> [TASK INSTRUCTIONS]:
Set down, exactly and with no pictures, the line that contains "Sunstar 5048 1/18" and all lines after it in the listing.

> [AVAILABLE DATA]:
- - -

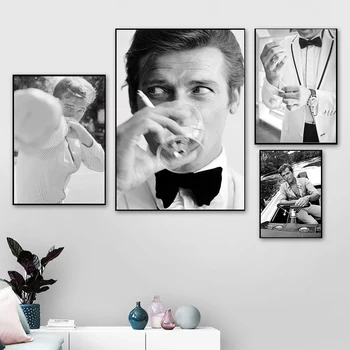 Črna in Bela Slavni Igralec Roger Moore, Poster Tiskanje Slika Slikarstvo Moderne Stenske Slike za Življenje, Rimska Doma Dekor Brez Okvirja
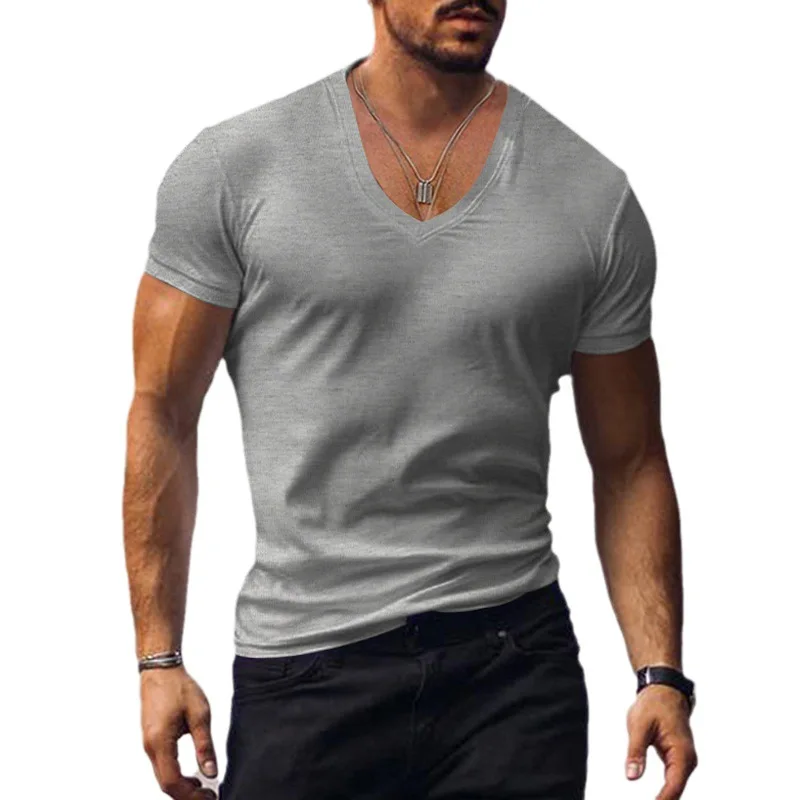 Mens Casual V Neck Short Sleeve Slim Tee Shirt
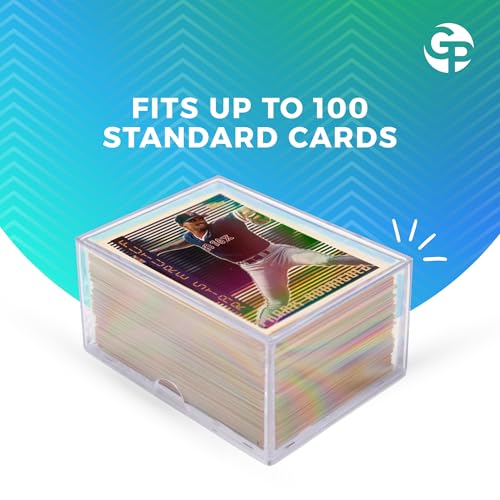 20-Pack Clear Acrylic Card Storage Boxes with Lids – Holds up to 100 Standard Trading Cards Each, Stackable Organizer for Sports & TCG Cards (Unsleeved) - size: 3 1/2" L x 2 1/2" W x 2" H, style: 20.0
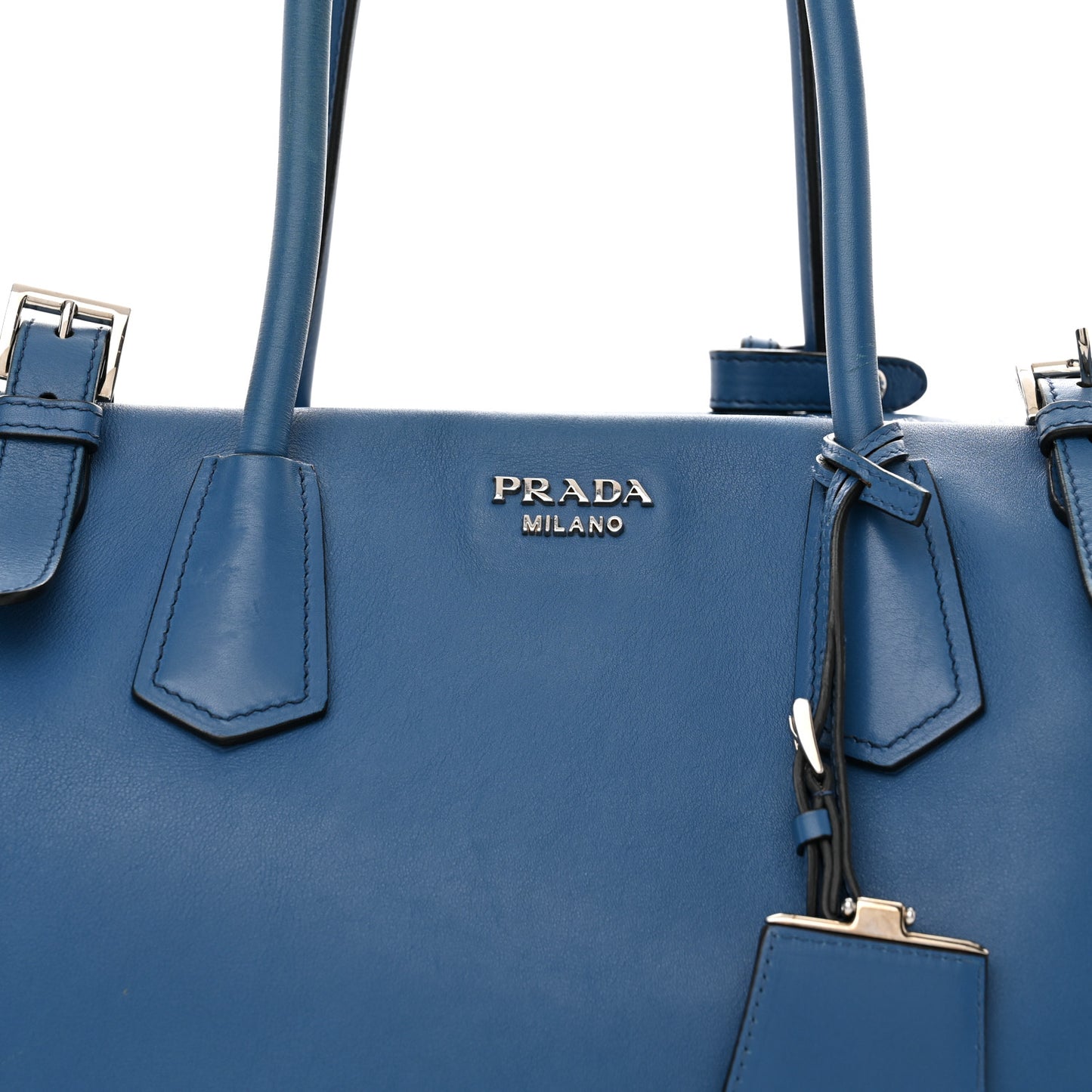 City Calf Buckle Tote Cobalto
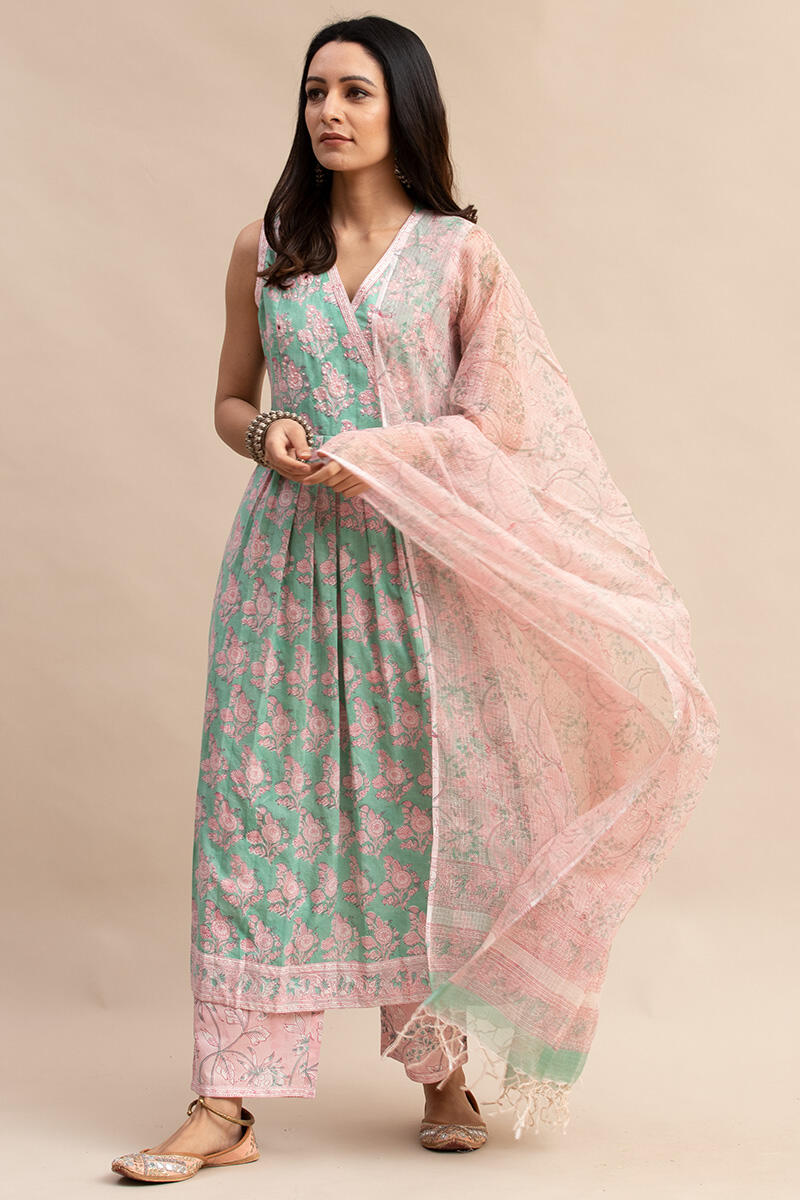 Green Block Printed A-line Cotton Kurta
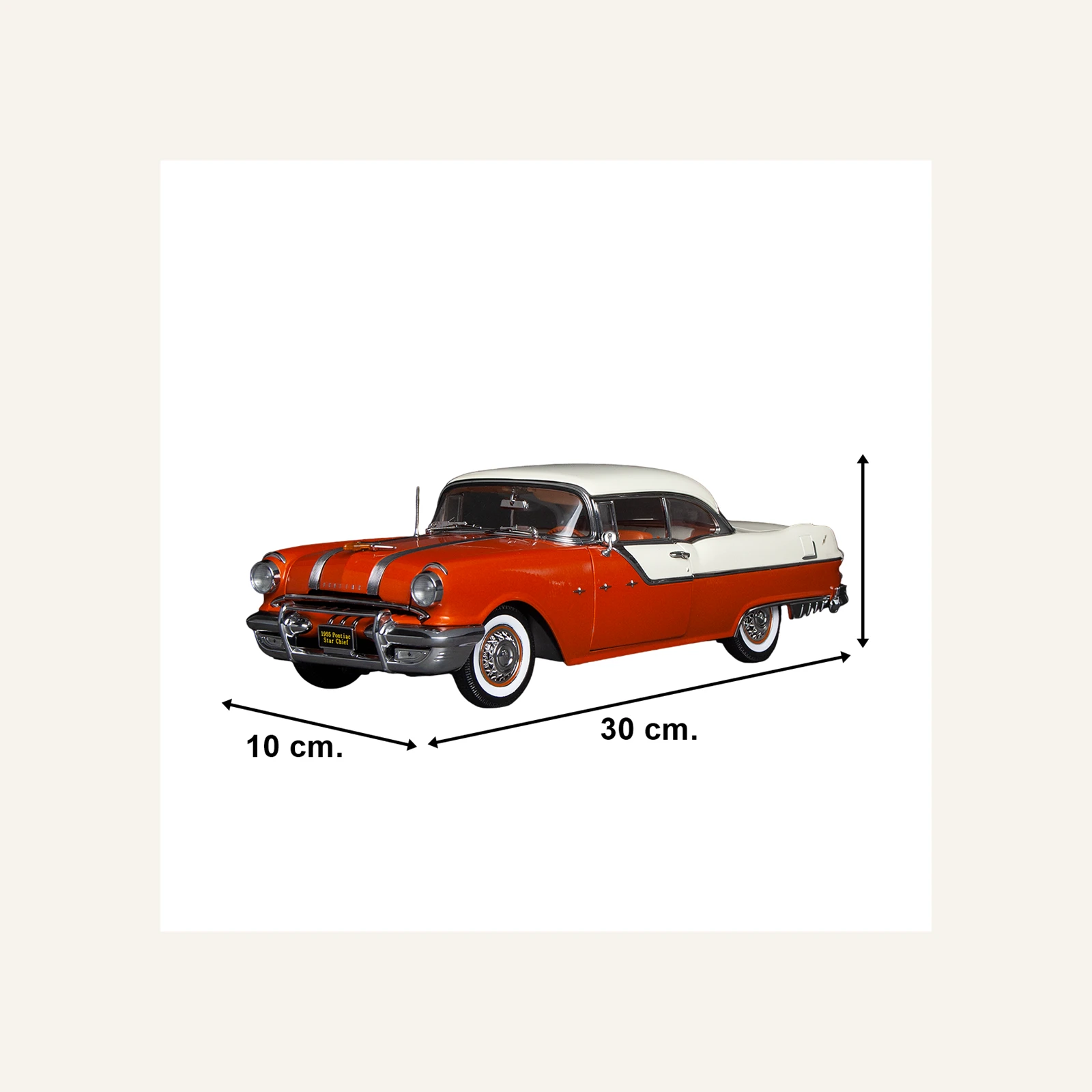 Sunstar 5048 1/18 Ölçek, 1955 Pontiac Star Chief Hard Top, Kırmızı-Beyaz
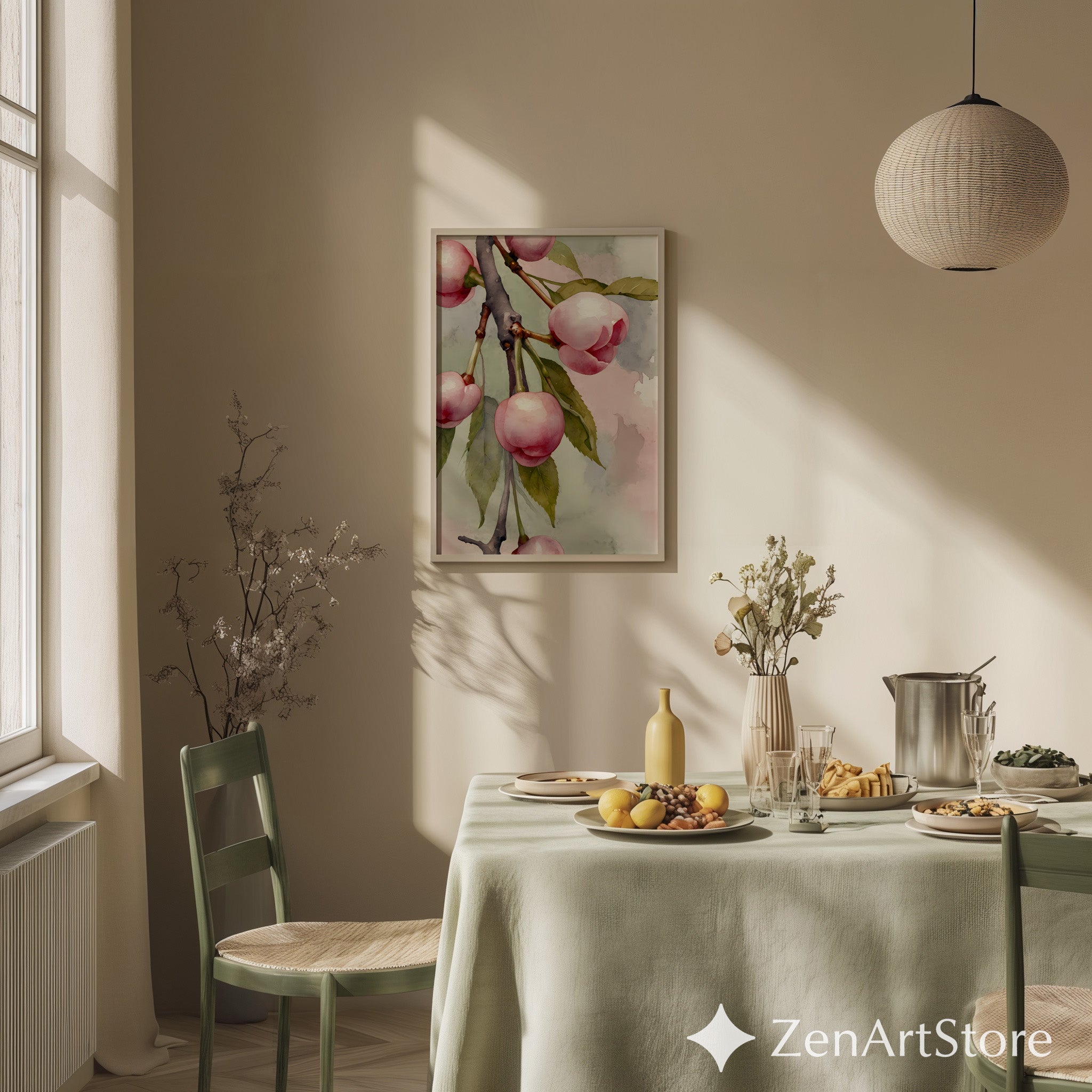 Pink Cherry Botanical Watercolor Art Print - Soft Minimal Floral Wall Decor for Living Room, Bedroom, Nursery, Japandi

- - -

> [ANSWER TO THIS TASK]:
 Sunstar 5048 1/18 Ölçek, 1955 Pontiac Star Chief Hard Top, Kırmızı-Beyaz
 Pink Cherry Botanical Watercolor Art Print - Soft Minimal Floral Wall Decor for Living Room, Bedroom, Nursery, Japandi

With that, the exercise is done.